“Hawaii has changed you completely.” His doctor had been shocked by the test results that morning, when Vladimir stopped on the way to the office. “You’ve recuperated from your injury better than I ever dreamed. Even your blood pressure is improved. What have you been doing? Yoga? Eating bean sprouts? Whatever it is, clean living is making you healthy. Keep it up!”
With a laugh, Vladimir glanced down at his empty vodka glass and half-eaten plate of beef rib eye drenched in sauce. Clean living? No. Good living. It wasn’t yoga and bean sprouts. It was laughter, good company and lots of sex.
It was Breanna.
Vladimir shifted impatiently in his chair, craning his head to look past the waiters and candlelit tables toward the wood-paneled hallway. His lips rose in unconscious pleasure when he saw Bree coming back down the hall.
Then a dark figure came out of the shadows to accost her. Seeing Greg Hudson, Vladimir rose to his feet. Bree looked surprised, then angry, as the man spoke to her. Vladimir clenched his jaw as he strode rapidly toward them. Hudson’s eyes went wide when he saw him coming. Turning, he ran out of the restaurant.
“What did he say to you?” Vladimir demanded.
Bree turned with a carefully blank look on her face. Her poker face, he thought, but he could see her lips trembling. Her gaze dropped. “Nothing.”
“Tell me.”
“He...” She licked her lips. “He told me he’s in St. Petersburg to collect a debt, and happened to see me.” Her eyes carefully remained on the gleaming parquet floor. “He said he’s going to be very rich in a few days, and he would pay a lot of money to be my next lover. He wondered if there was some kind of waiting list.”

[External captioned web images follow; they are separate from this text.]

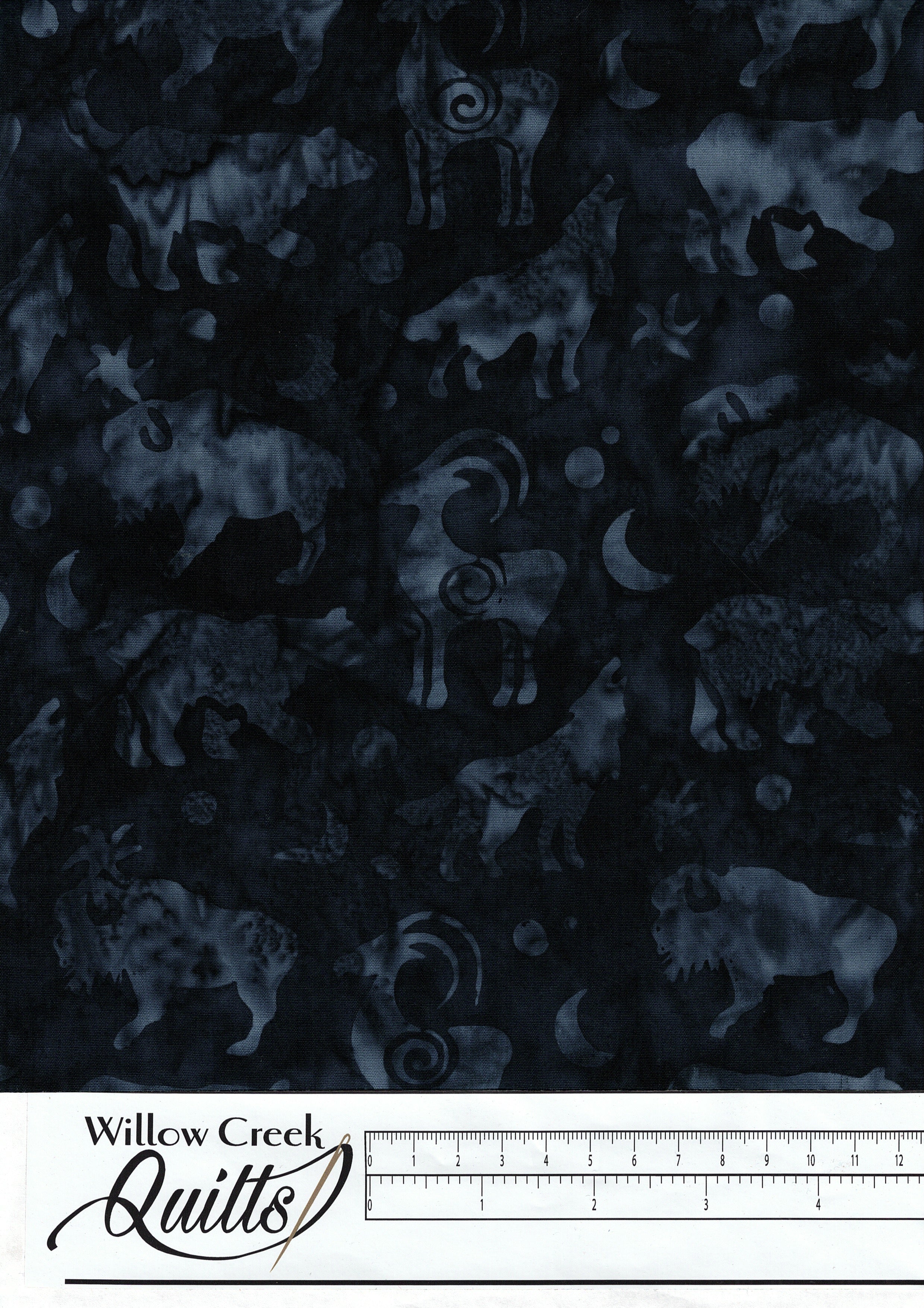 Silverado Canyon Batik - Plains Animals - Blue Ocean - 112237580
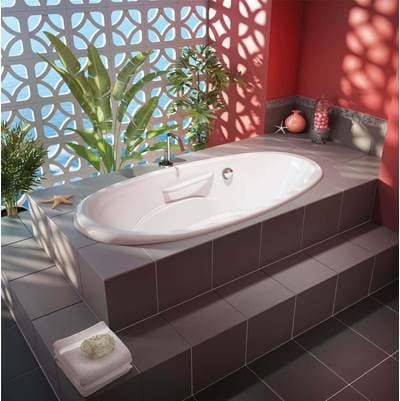 Bain Ultra Essencia 7236 Oval Freestanding Tmu - White by Bain Ultra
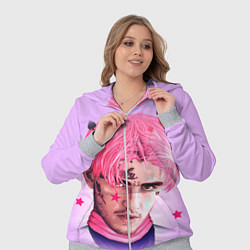 Женский 3D-костюм Lil Peep: Pink Edition, цвет: 3D-меланж — фото 2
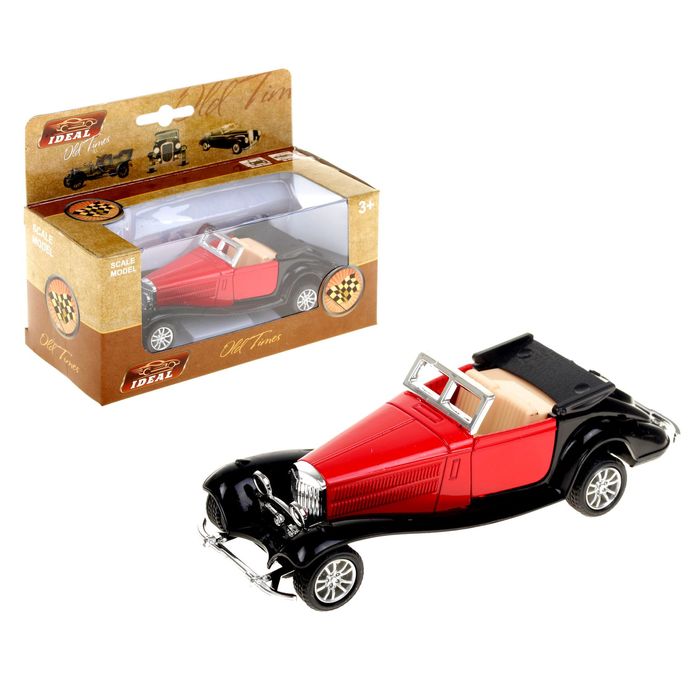 Машина металлическая инерционная "Ретро", масштаб 1:32, МИКС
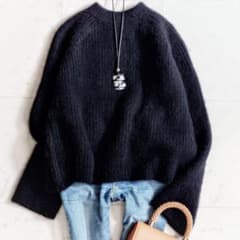 美品✨デミリー DEMYLEE カシミヤ100％ スキッパー ニットワンピース 美品✨​デミリー DEMYLEE 最高級カシミヤ100% 贅沢リラックスニット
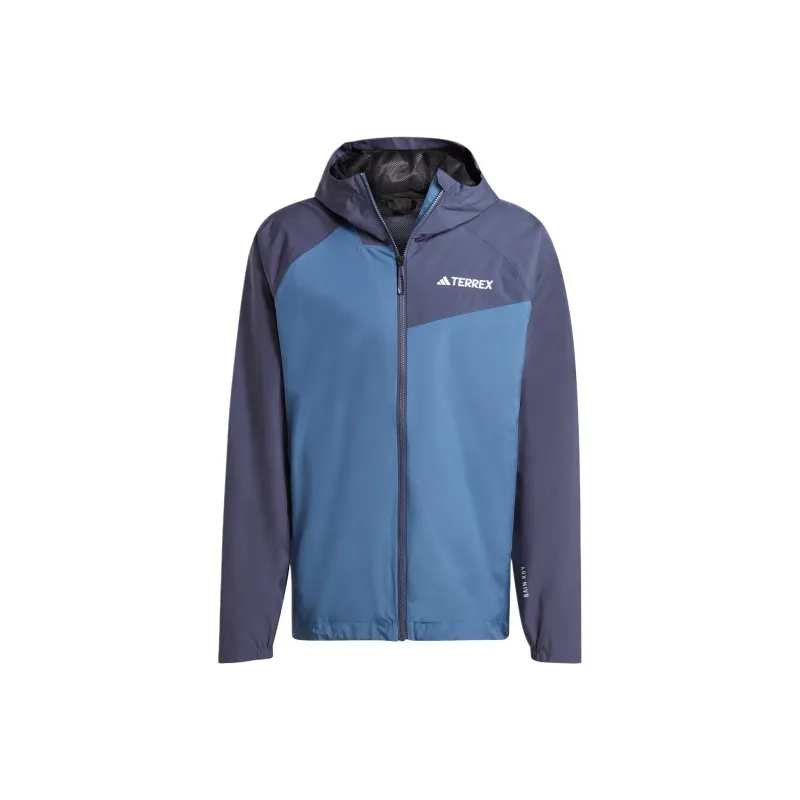 Adidas ULT Water Resistant Windproof And Rainproof Windbreaker Jacket Men's Wonder Asphalt Gray-0
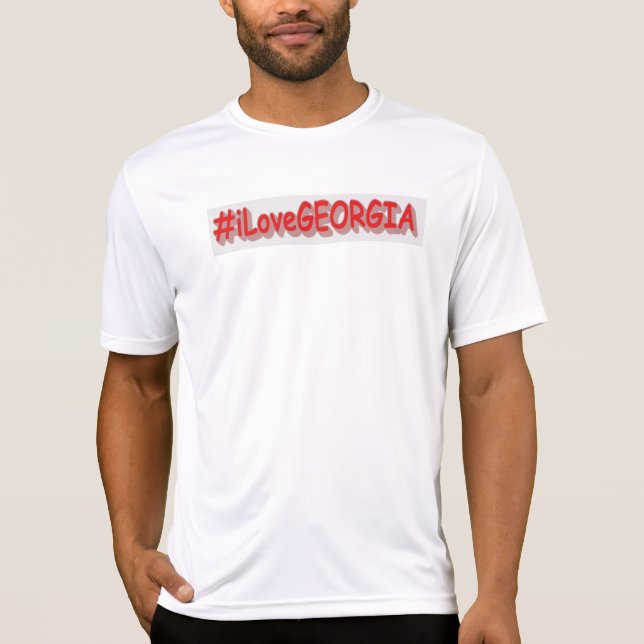 "#iLoveGEORGIA " Cute Design. Buy Now T-Shirt (Front)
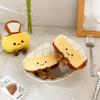 Cute Baking Bread Plush Pineapple Pie Doll Bread Machine Doll Ornaments Food Doll Gift Bag Pendant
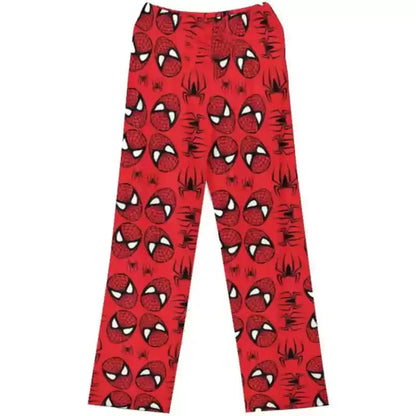 Women/Men Hello Kitty Spider-Man Cotton Loose Pajama Pants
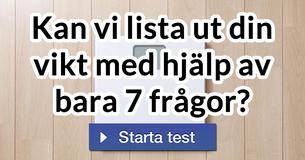 Kan vi lista ut din vikt med hjälp av bara 7 frågor?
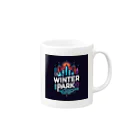 Lock-onの【WINTER PARK】VOL.01 Mug :right side of the handle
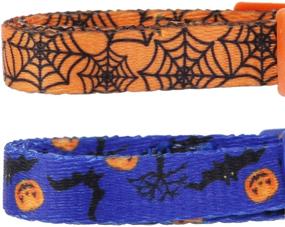 img 2 attached to 🎃 Set of 2 Halloween Cat Collars for Kittens - BoomBone Cat Collar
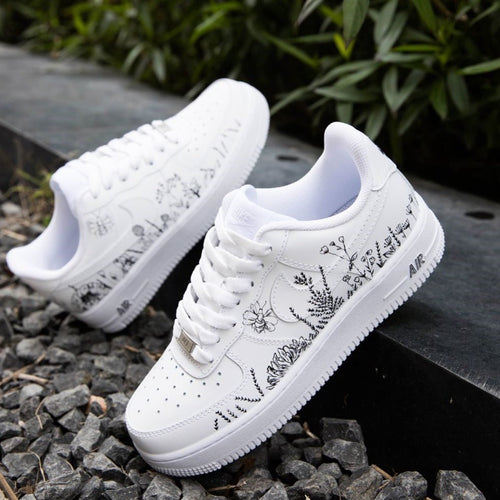 Sketch Doodle Custom Air Force 1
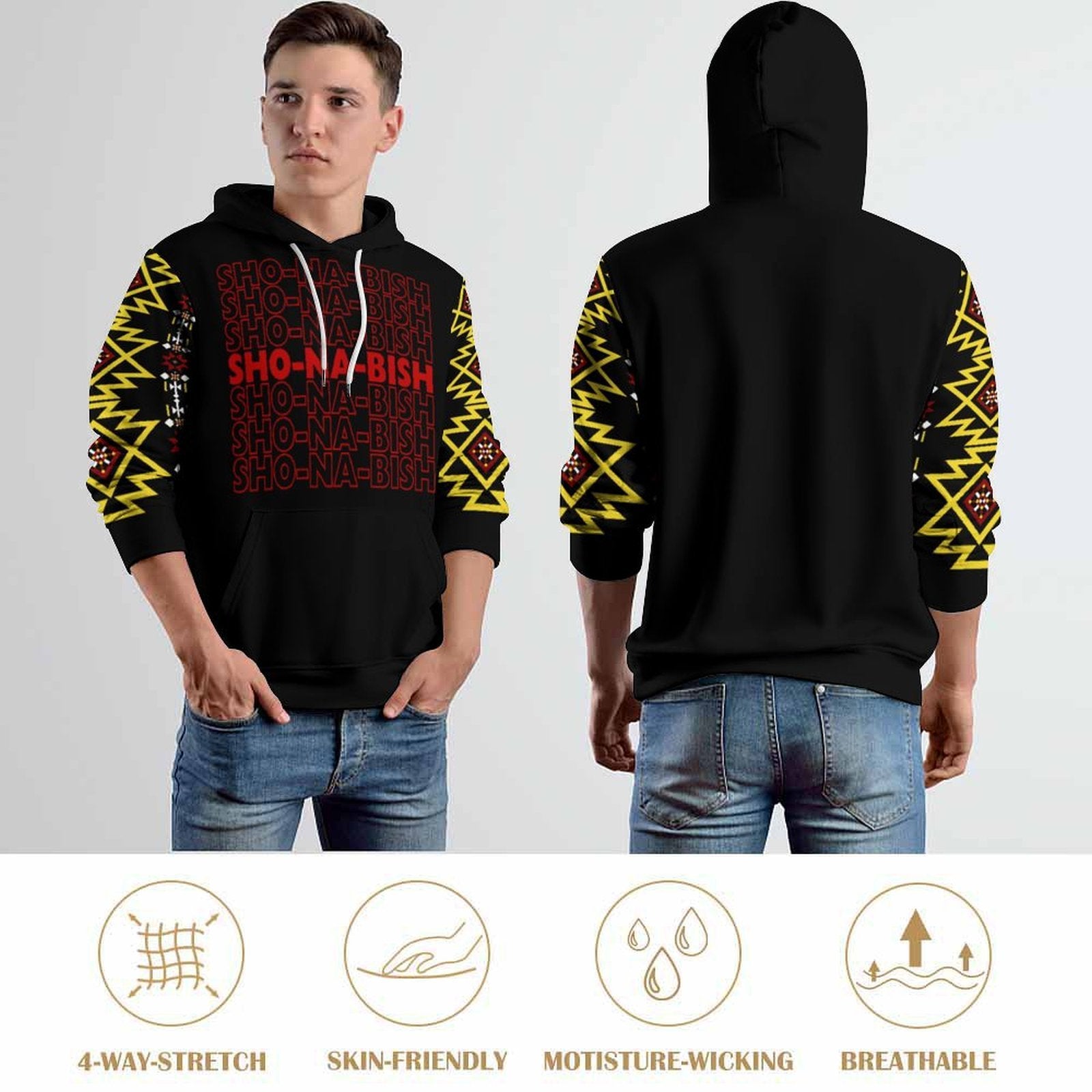 Thank You Design Loose Fit Hoodie for Adults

Anger made Vladimir’s vision red. He started to turn, his hands clenched. “I will kill him.”
“No. Please,” Bree whispered. She put her hand on his arm. “Just take me home.”
People in the restaurant were staring at them, whispering behind their hands. “But we already ordered dessert,” he said tightly. “Chocolate cake. Your favorite.”
“I just want to go.” Her cheeks were red. “And forget this day ever happened.”
Forget this day ever happened? The wonderful day he’d spent with her—the hours he’d spent watching her laugh, telling her the truth, buying her things, trying so hard to please her—as he’d never tried to please any woman? “I don’t want to forget.”
She looked away. “I do.”
Shoulders stiff, Vladimir went across the restaurant and tossed thirty thousand rubles on their table. Getting her leather coat, he wrapped it around her shivering shoulders and led her out into the cold, dark night. As his chauffeur drove their limousine home, Vladimir looked out at the snowy streets of St. Petersburg. It had been the best day of his life, but it had ended with Bree in tears.
He wanted to blame the fat little hotel manager. But he knew there was one person at fault for the way she’d been so crudely insulted as a woman who could be bought and sold at any man’s will.
Vladimir himself.
CHAPTER EIGHT
THE next night, Bree paused as she got ready for the New Year’s Eve ball. She looked wanly out the tall curved window of their bedroom.
The wintry Gulf of Finland on the Baltic Sea looked nothing like Hawaii’s warm turquoise waters. It was even worse than Alaska’s frigid sea. Even in the weak, short hours of daylight, the Russian waves were choppy and gray. But the sun had set long ago, and the world was dark. The black, icy water here could suck the life out of you within seconds if you were dumb enough to fall into it.
Kind of like falling in love with a man who would neither love you back nor set you free.
Bree closed her eyes. Yesterday, the workaholic tyrant had been neither workaholic nor a tyrant, playing hooky from work to entertain her. Letting people keep their jobs in his merger. Tipping that saleswoman at the boutique. Getting rid of the men who’d threatened Bree and her little sister. And more.
I’ve never forgotten you, Breanna. She would never forget the stark vulnerability in his blue eyes. Or stopped wanting you.
Bree trembled with emotion, remembering. Thank heaven she’d been able to cover her reaction by gulping that nasty-tasting vodka. She should probably be grateful for Greg Hudson, too. His words had brought her back to reality with a snap.
Bleakly, she opened her eyes. She was alone in their bedroom, with one leg propped up on the bed, pulling on sheer black stockings as she got ready for the New Year’s Eve ball. Her beautiful haute-couture princess gown was on the bed, waiting to go over her new black lace bra, panties and garter belt. Vladimir had bought out every expensive store in the city. “I am trying to make you happy,” he’d said. But she couldn’t be bought that way. Only two things could make her happy, and they were the very things he would not or could not give her. Freedom. Love.